As their first debate approaches Monday evening, the latest poll shows about 16 percent of Washington voters remain undecided between Governor Jay Inslee and Republican nominee Bill Bryant. Those voters, if they’re paying attention, are likely weighing the two candidates’ positions on funding education, tackling transportation problems and keeping the state’s economy above water.
For a select group of politicos, the choice is much simpler: they’re supporting both candidates. But the number of donors double-dipping this year is far smaller than the last gubernatorial race, reflecting Inslee’s perceived strength in this year’s election.
Twenty individuals, two political action committees and two businesses have donated money to both Inslee and Bryant this year, sending a total of $67,000 into this year’s race for the governor’s mansion, according to a review of records from the Washington Public Disclosure Commission.
In 2012, however, 210 donors gave to both campaigns, for a total of $501,000. Put another way, there's been a 87 percent drop in this sort of donation this year, as compared to 2012.
Donating thousands of dollars to opposing candidates is a fairly common occurrence amongst the donor class, according to Mark A. Smith, a professor of political science at the University of Washington.

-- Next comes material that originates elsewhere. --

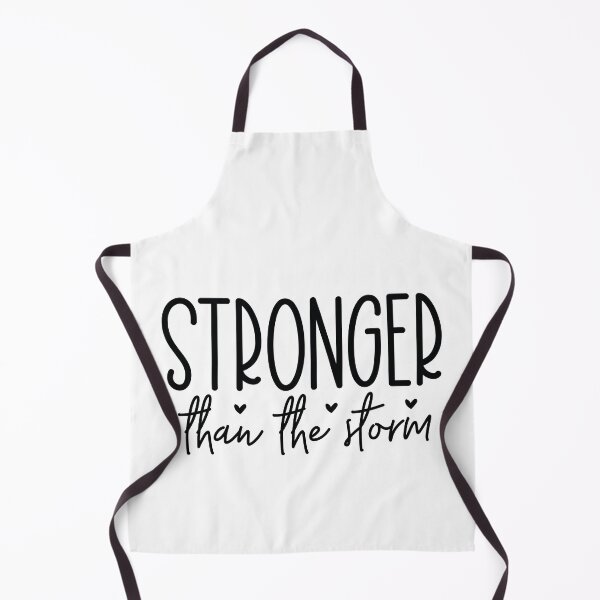 Item preview, Stronger Than The Storm - Motivational Quotes Retro Vintage Aesthetic Inner Strength Gift designed and sold by FuzionRaptor.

“It’s always about access, getting your phone call returned,” Smith said. “Governors get a lot of phone calls and most of the people trying to reach them don’t make it through.”
In the mind of double-dipping donors, they’ll be able to say they supported the future governor regardless of who wins. They are primarily from industries like healthcare, agriculture and real estate, but as Smith said,
“They are listed as individuals but I think we should list them as businesses… they are really giving on behalf of the business.”
Smith said the total amount of money at stake for these businesses is far greater than the legal donation cap, which is $2,000 for the primary and $2,000 for the general election when donating directly to a gubernatorial campaign.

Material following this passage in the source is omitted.